Soccer is a strange game, and how much history plays into contest like this is often overlooked. Germany remain unable to beat Italy in a meaningful game at this level, and it goes beyond the level of luck to a matter of psychology. Italy never appeared really challenged in this game, even when they made some nearly disastrous gaffes early on. But Germany did grow flustered, as if they believed not only that they were destined to win the game – but that there was no way they should be losing it so early on.
Often overlooked. Yes, if only someone besides every lazy staff writer covering the sport, every studio analyst on ESPN and the ghost of Oswald Spengler had dared to broach the possibility that a mystical sense of historical destiny was more relevant than the mundane details of the particular match in question.

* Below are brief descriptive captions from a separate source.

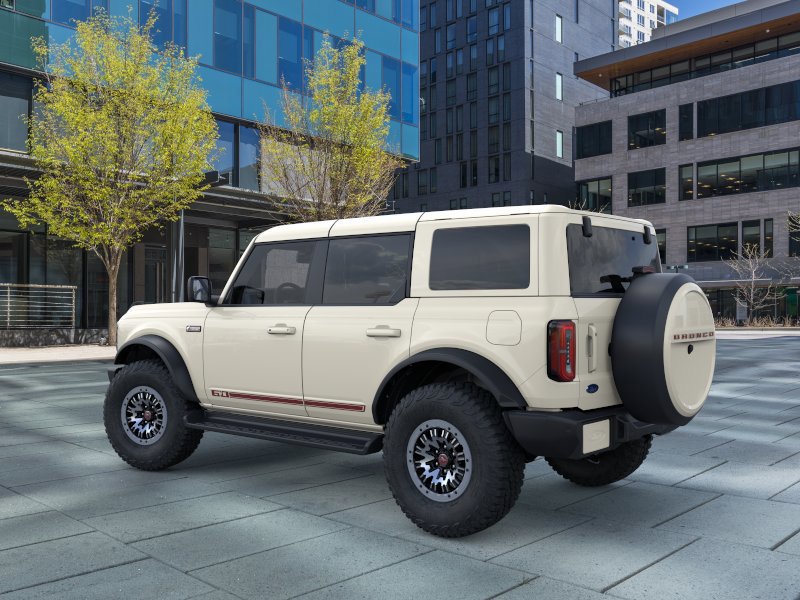 New 2026 Ford Bronco Outer Banks SUV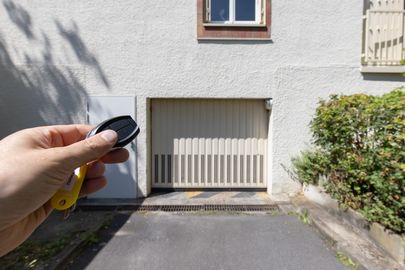 Parking 1 allée des sablières - L'Isle Adam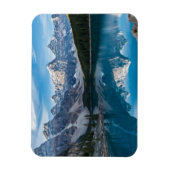 Magnet Flexible Vallée des Dix Pics, parc national Banff (Vertical)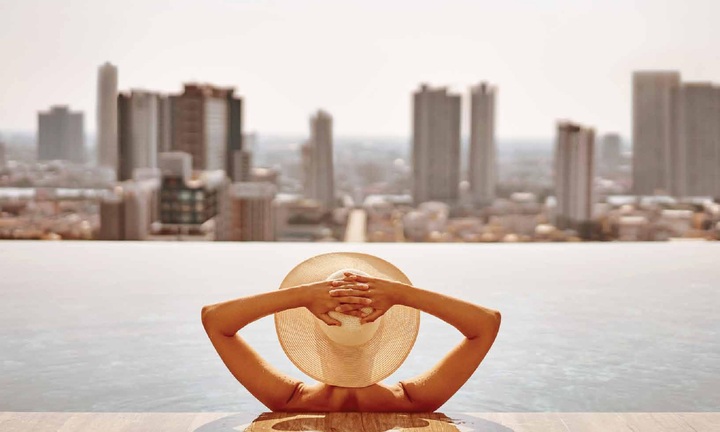 Xu hướng đầu tư tích sản với bất động sản hàng hiệu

There’s simply no precedent for a better team being upset by an underdog, and with a statistical sample stretching right to the cusp of high single digits, what other conclusion could any reasonable person draw?
I want you all to bookmark this post, in case I need someone to present it as evidence in my defense after I finish my killing spree and wind up sitting in court, drooling, kicking at imaginary soccer balls and gibbering incoherently about the difference between causation and correlation in response to the judge’s questions.